Start of DATA EXTRACT

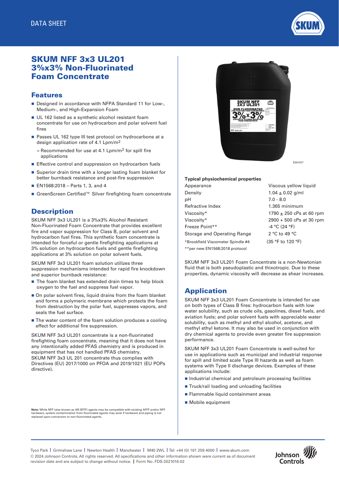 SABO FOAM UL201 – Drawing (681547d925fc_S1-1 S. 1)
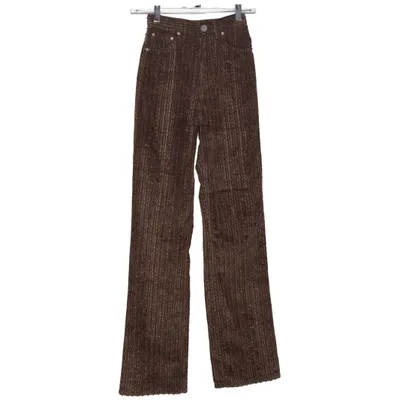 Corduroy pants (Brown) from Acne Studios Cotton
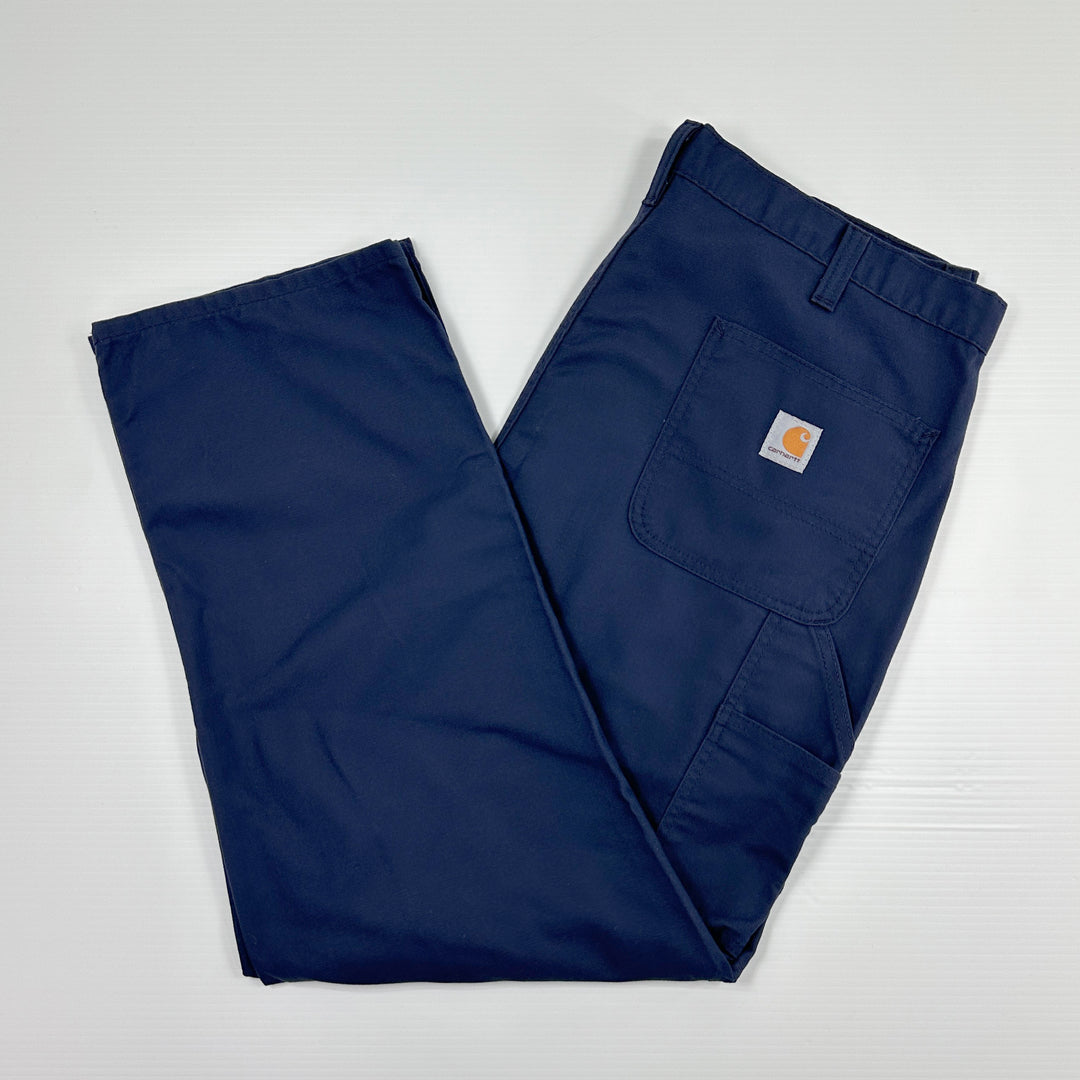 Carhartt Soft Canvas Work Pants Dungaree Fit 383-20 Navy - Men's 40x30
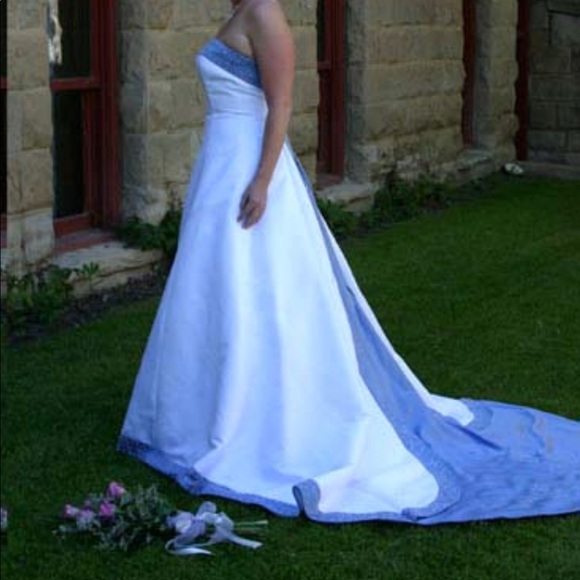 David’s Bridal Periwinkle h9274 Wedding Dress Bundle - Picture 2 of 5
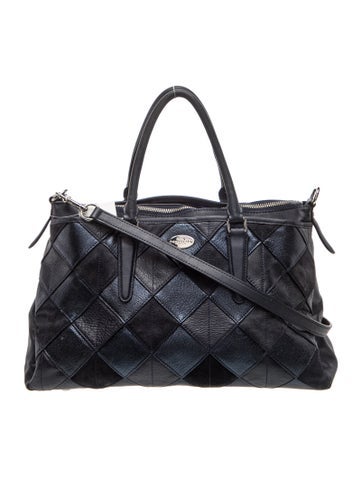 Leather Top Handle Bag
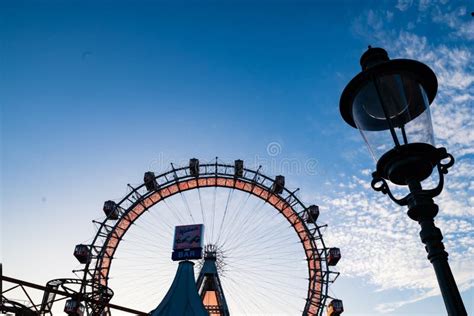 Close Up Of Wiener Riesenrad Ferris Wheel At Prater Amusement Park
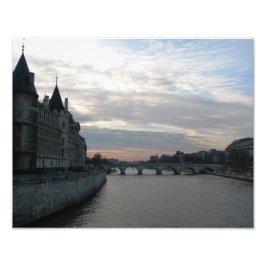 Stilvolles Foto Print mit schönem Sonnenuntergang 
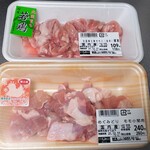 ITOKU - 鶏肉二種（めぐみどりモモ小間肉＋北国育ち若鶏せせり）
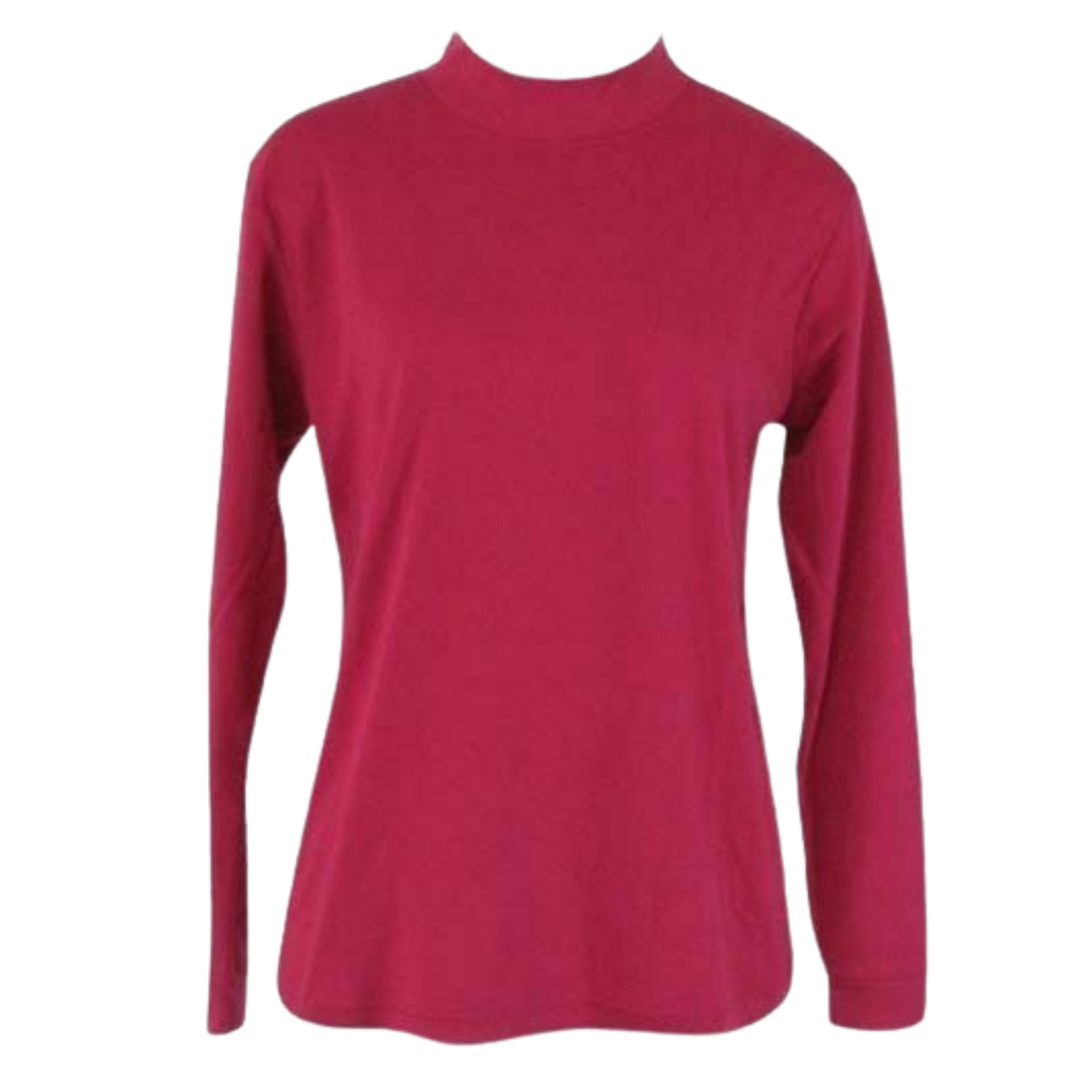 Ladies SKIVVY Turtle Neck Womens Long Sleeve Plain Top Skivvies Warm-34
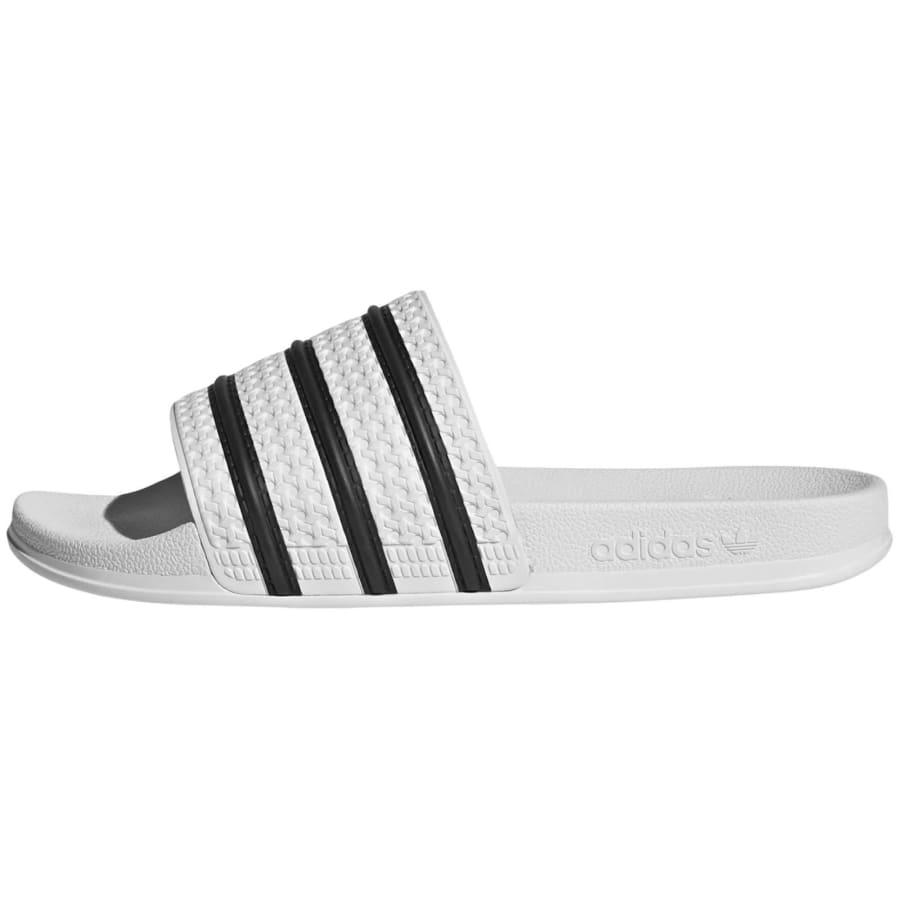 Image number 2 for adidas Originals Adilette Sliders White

End of DATA EXTRACT

Because the pictures are not wanted, retype only the text of every record, exactly as given.

» **TASK SOLUTION**
 SABO FOAM UL201 – Drawing (681547d925fc_S1-1 S. 1)
 Corduroy pants (Brown) from Acne Studios Cotton
 Carhartt Soft Canvas Work Pants Dungaree Fit 383-20 Navy - Men's 40x30
 David’s Bridal Periwinkle h9274 Wedding Dress Bundle - Picture 2 of 5
 Leather Top Handle Bag
 Close Up Of Wiener Riesenrad Ferris Wheel At Prater Amusement Park
 Stilvolles Foto Print mit schönem Sonnenuntergang 
 ITOKU - 鶏肉二種（めぐみどりモモ小間肉＋北国育ち若鶏せせり）
 Ladies SKIVVY Turtle Neck Womens Long Sleeve Plain Top Skivvies Warm-34
 Image number 2 for adidas Originals Adilette Sliders White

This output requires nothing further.